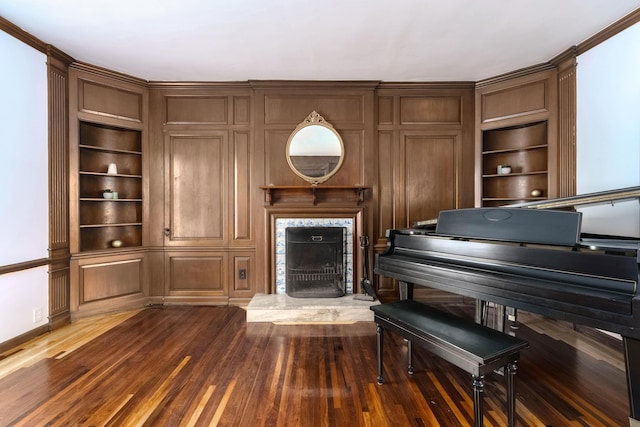 unfurnished room with dark wood-style floors, a fireplace with raised hearth, and built in shelves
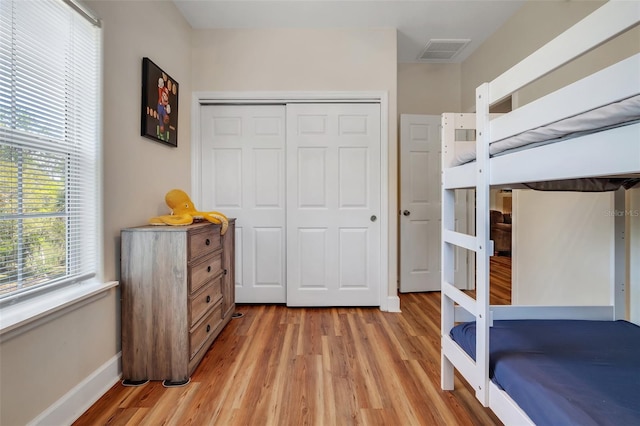 bedroom featuring light wood-style flooring, a closet, baseboards, and visible vents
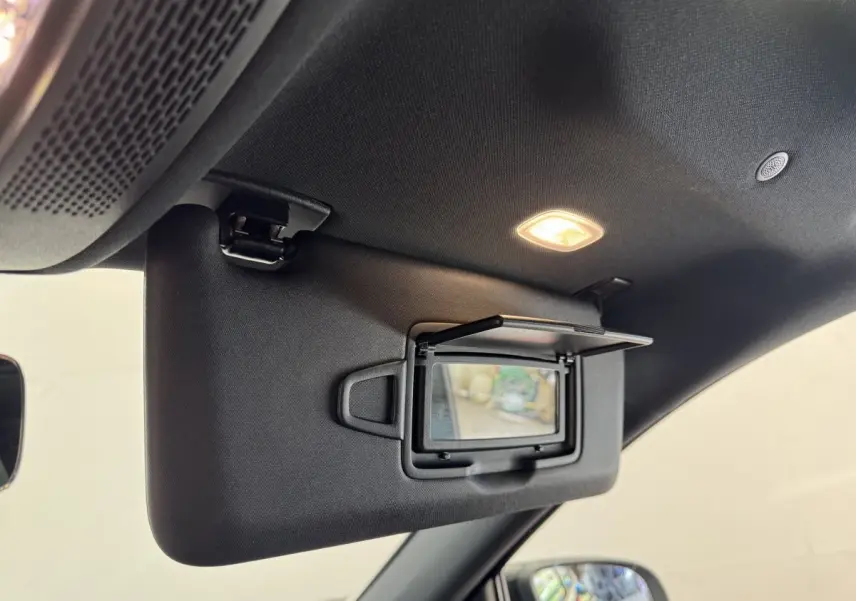 Détail intérieur du pare-soleil côté conducteur avec miroir éclairé dans un Mercedes GLA noir 2021.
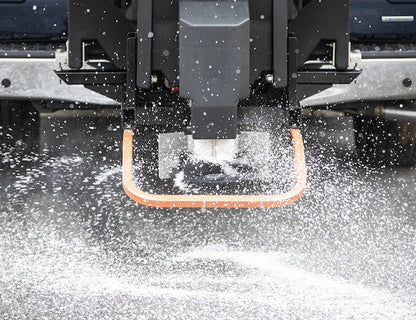 SaltDogg TGS07 315L tailgate salt spreader installed on pickup rear view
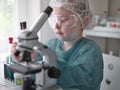 Cute little girl looking into microscope at his desk at home. Young scientist making experiments in his home laboratory Royalty Free Stock Photo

● ● ● ● ●

Repeat the listing exactly; do not print any picture.

 unfurnished room with dark wood-style floors, a fireplace with raised hearth, and built in shelves
 bedroom featuring light wood-style flooring, a closet, baseboards, and visible vents
 Détail intérieur du pare-soleil côté conducteur avec miroir éclairé dans un Mercedes GLA noir 2021.
 SaltDogg TGS07 315L tailgate salt spreader installed on pickup rear view
 Cute little girl looking into microscope at his desk at home. Young scientist making experiments in his home laboratory Royalty Free Stock Photo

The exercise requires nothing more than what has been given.